= Dinah Birch =

English literary scholar

Dinah Lynne Birch (born 4 October 1953) is an English literary critic. She is a former Pro-Vice-Chancellor for Research and Impact at the University of Liverpool, and is now Emerita Professor of English Literature there. She was a student at St Hugh's College, Oxford, and also undertook her doctorate at the University of Oxford. In 1980, she became the first woman to be elected to the Governing Body of Merton College.

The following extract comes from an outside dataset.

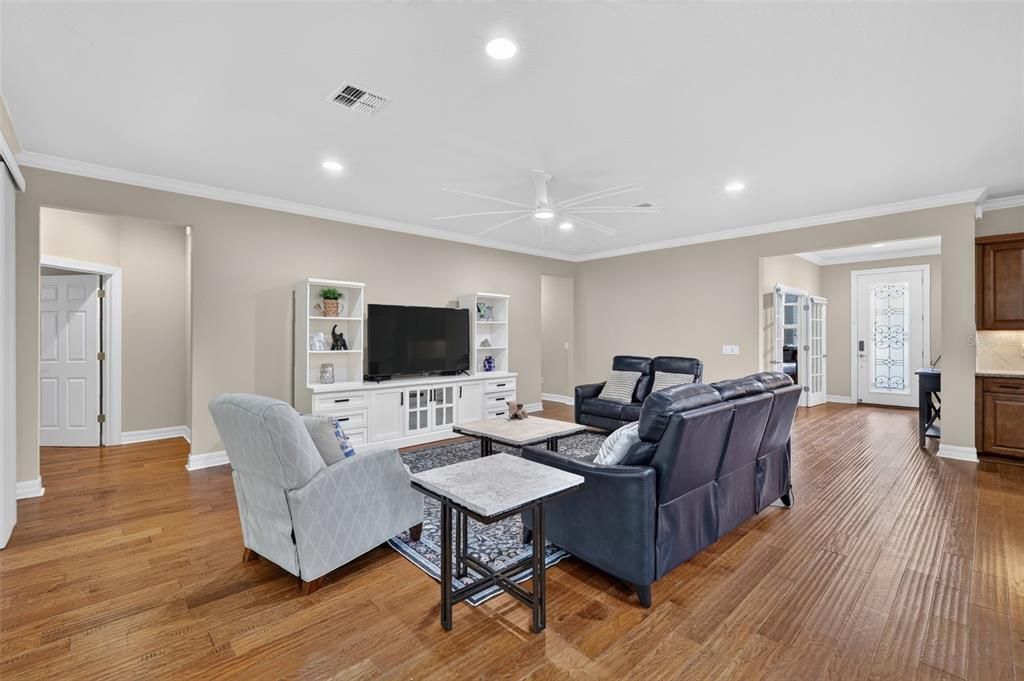 Active With Contract: $459,000 (3 beds, 3 baths, 2530 Square Feet)
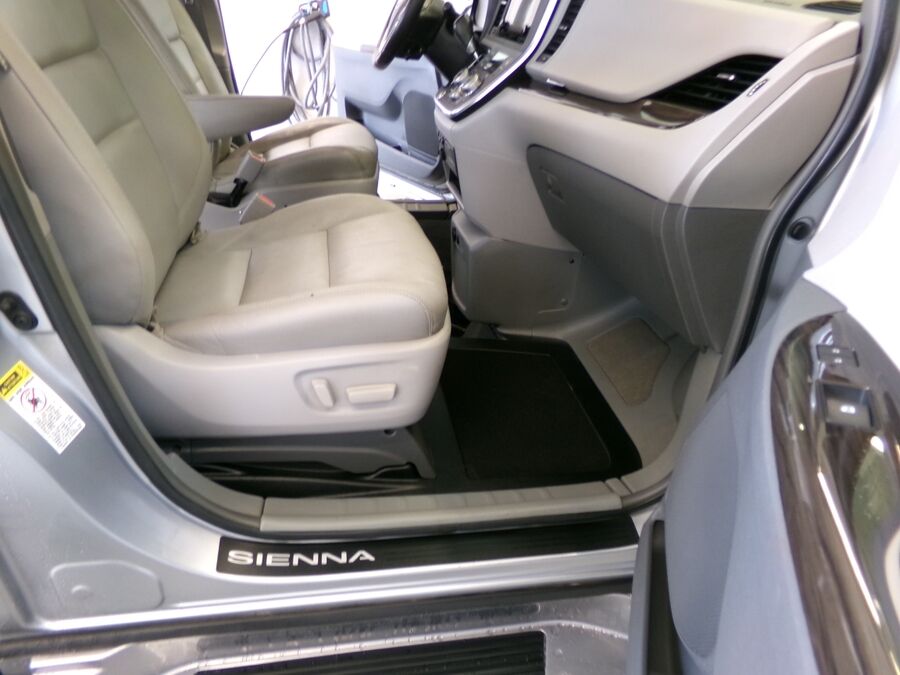 2015 Toyota Sienna XLE - Photo 9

Her work has been primarily on Victorian literature, and among the authors on whom she has published writings are Charles Dickens, Charlotte Brontë, Emily Brontë, and Alfred Tennyson. She has also edited two books on the Victorian critic John Ruskin: Ruskin and Gender (2002) and John Ruskin: Selected Writings (2004). Birch is serving as the General Editor of the 2012 edition of the Oxford Companion to English Literature. She is the author of Our Victorian Education (2008), writes regularly for the TLS and the LRB, and contributes to arts programmes on radio and television.

In December 2011, Birch was named as a member of the jury for the 2012 Man Booker Prize. Jury chair Sir Peter Stothard called her "[one] of Britain's finest professional critics". She is married and has two adult children. Birch lists Middlemarch by George Eliot as her favourite book. She is also a Companion of the Guild of St George.

Birch was appointed Commander of the Order of the British Empire (CBE) in the 2016 Birthday Honours for services to higher education, literary scholarship, and cultural life. She was elected a Fellow of the Royal Society of Literature (FRSL) in 2026.